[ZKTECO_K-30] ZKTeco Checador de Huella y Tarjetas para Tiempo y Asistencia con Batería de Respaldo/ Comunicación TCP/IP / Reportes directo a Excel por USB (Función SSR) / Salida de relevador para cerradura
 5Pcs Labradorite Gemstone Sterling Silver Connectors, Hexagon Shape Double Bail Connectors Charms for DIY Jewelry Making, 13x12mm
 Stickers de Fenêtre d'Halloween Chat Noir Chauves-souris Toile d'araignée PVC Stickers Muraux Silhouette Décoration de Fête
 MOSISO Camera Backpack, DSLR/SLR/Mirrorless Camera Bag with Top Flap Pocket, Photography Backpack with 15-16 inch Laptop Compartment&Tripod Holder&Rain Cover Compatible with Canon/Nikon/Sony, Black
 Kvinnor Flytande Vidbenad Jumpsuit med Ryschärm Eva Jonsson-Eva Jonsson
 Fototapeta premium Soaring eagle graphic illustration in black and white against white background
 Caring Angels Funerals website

## [Work instructions]
From the line containing "MOSISO Camera Backpack, DSLR/SLR/Mirrorless" down to the last line of the listing above, give every line again exactly, and add nothing.

## [Response area]
 MOSISO Camera Backpack, DSLR/SLR/Mirrorless Camera Bag with Top Flap Pocket, Photography Backpack with 15-16 inch Laptop Compartment&Tripod Holder&Rain Cover Compatible with Canon/Nikon/Sony, Black
 Kvinnor Flytande Vidbenad Jumpsuit med Ryschärm Eva Jonsson-Eva Jonsson
 Fototapeta premium Soaring eagle graphic illustration in black and white against white background
 Caring Angels Funerals website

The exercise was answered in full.